The University of Chicago’s Independent Student Newspaper since 1892

Chicago Maroon

Martha Nussbaum Wins $1 Million Berggruen Prize

The philosophy and law professor is the recipient of $1 million prize for helping to show how philosophy is not just an “armchair discipline.”

Martha Nussbaum, a professor at the University of Chicago Law School and in the philosophy department, won the 2018 Berggruen Prize for Philosophy and Culture. The prize, announced last week, comes with an award of $1 million.  

“Nussbaum shows how philosophy, far from being merely an armchair discipline, offers a greater understanding of who we are, our place in the world, and a way to live a well-lived life,” says the prize announcement.  

Nussbaum is author of more than 20 books, including The Fragility of GoodnessFrontiers of Justice, and Upheavals of Thought, and is known for her philosophical analysis of emotions in moral and political life. She developed the “capabilities approach,” which measures human flourishing in terms of emotional and intellectual capacities, life expectancy, and education. Her idea is widely understood to be the basis for the United Nations’ Human Development Index (HDI). 

Her latest book, The Monarchy of Fear, attempts a philosophical account of how emotions like fear and anger can lead to political division and polarization. Looking at current political crises through the lenses of ancient Greek democracy and Stoic philosophy can show how humans have an “animal vulnerability” that can be used to foster unity and cooperation as much as it can turn into hatred and mistrust. 

“Because I know I’d be no good holding or running for political office, I do not follow the lead of Cicero and Seneca, trying to combine the two careers. I just try to write in a way that offers illumination and guidance for public life.”  

Nussbaum disagrees with the idea that philosophy is an armchair discipline.
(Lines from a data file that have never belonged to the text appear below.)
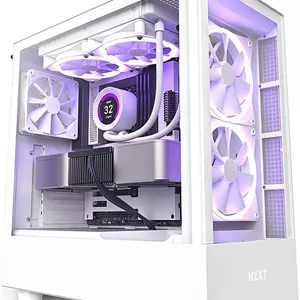 کیس مید تاور NZXT H5 Elite ATX، پشتیبانی از رادیاتور تا 240 میلی‌متر، پشتیبانی از 6 فن 120 میلی‌متری، پنل جلویی شیشه‌ای حرارت‌دیده و RGB داخلی، مدیریت کابل بصری، جایگاه‌های درایو 2.5 اینچی/3.5 اینچی، سفید | CC-H51EW-01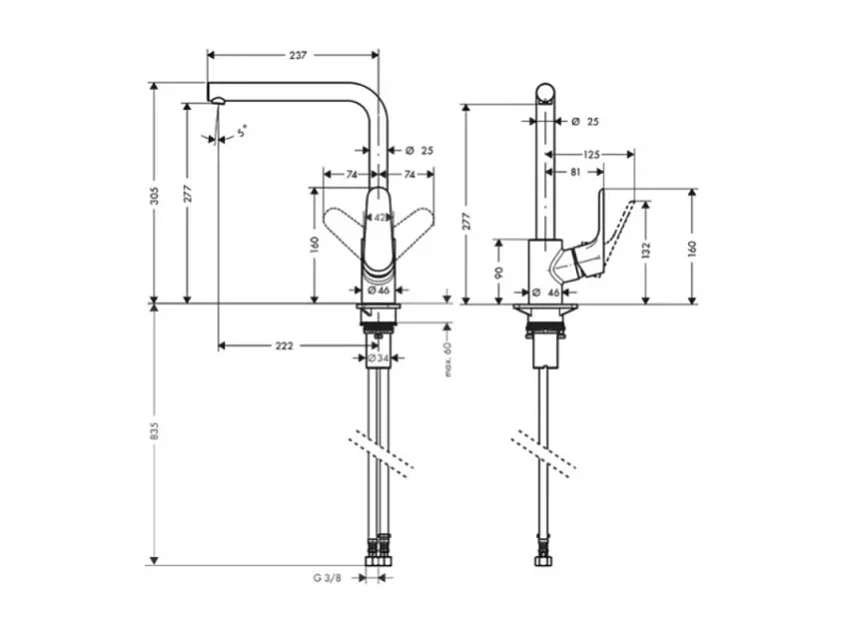 Evier 1 bac 980 HANSGROHE S52 synthèse noir + robinet de cuisine HANSGROHE Focus M41 280 noir mat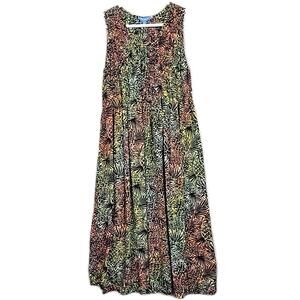 Blue Ginger Hawaiian Designs Pineapple Print Dress Womens Size M Sleeveless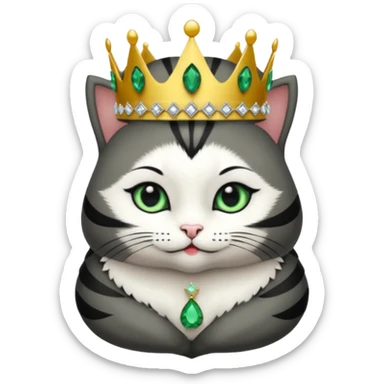 Gatito gris oscura con rayas negras ojos verdes vestida de reina con coronas y diamantes, más peluda y gordita  sticker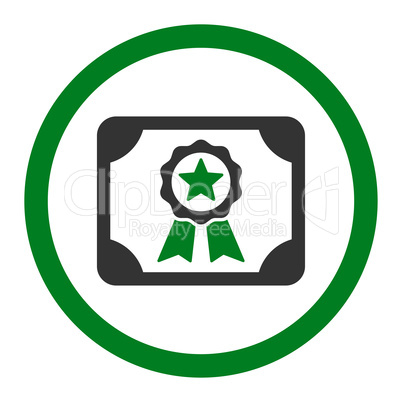 Certificate flat green and gray colors rounded glyph icon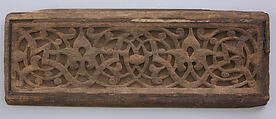 Panel, Wood, bone; carved, inlaid, and painted
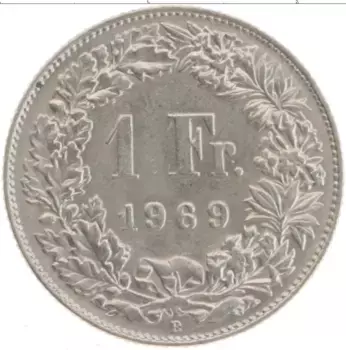 Монета франк Швейцарии 1969 года Медно-никель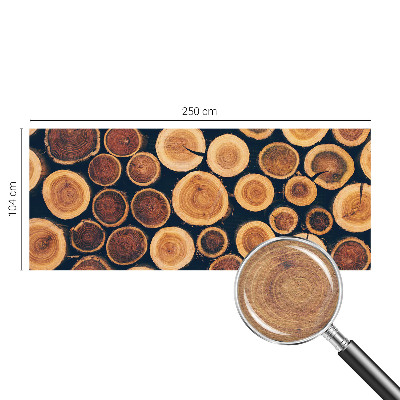 Papel mural con patrón decorativo con motivos de círculos de madera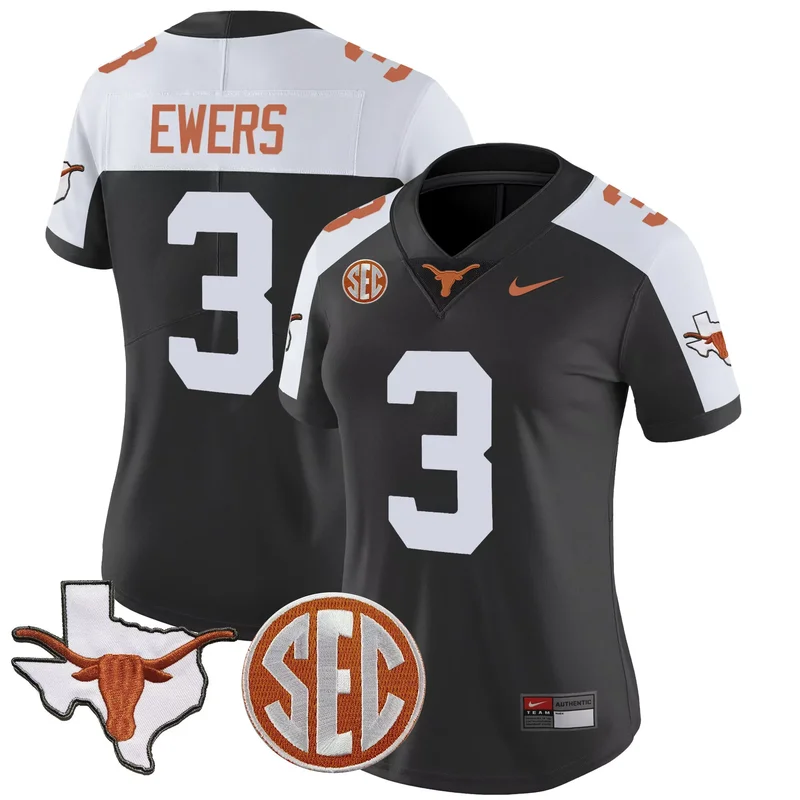 Inverted Ricky Williams texas longhorns state map sec patch jersey v4 all stitched - Image 2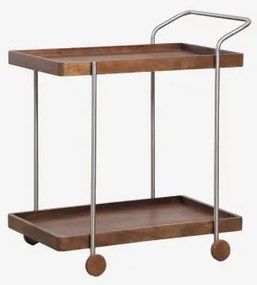 Carrinho De Cozinha Em Madeira De Manga E Aço Inoxidável Danalex Madeira De Cabo Escuro - Sklum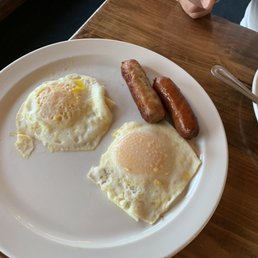 Two eggs and sausages Two eggs and sausages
Modern academia, she believes, provides a historically unparalleled level of academic freedom that radical thinkers like Rousseau, Bentham, and John Stuart Mill could only dream of.  

Nussbaum is concerned, however, about the wider reach of philosophical ideas to the general public. 

“The lack of interest in philosophy on the part of the media, the decline of book publishing, and the virtual extinction of general-reader journals of ideas makes it really hard to get out there into the public realm,” she wrote in an e-mail to The Maroon.  

Nussbaum does not believe that all philosophers must enter political discussion; through teaching, she thinks, they can fulfill their civic duty by contributing to the formation of young citizens. 

The Berggruen Prize’s jury includes noted philosophers such as Kwame Anthony Appiah, David Chalmers, Antonio Damasio, as well as Nobel Prize–winning economist Amartya Sen and University of Pennsylvania’s president, Amy Gutmann.  

The 2018 Berggruen Prize is in its third year; previous winners are Canadian philosopher and social theorist Charles Taylor and British political philosopher Onora O’Neill. It is sponsored by and named after German-American financier Nicolas Berggruen.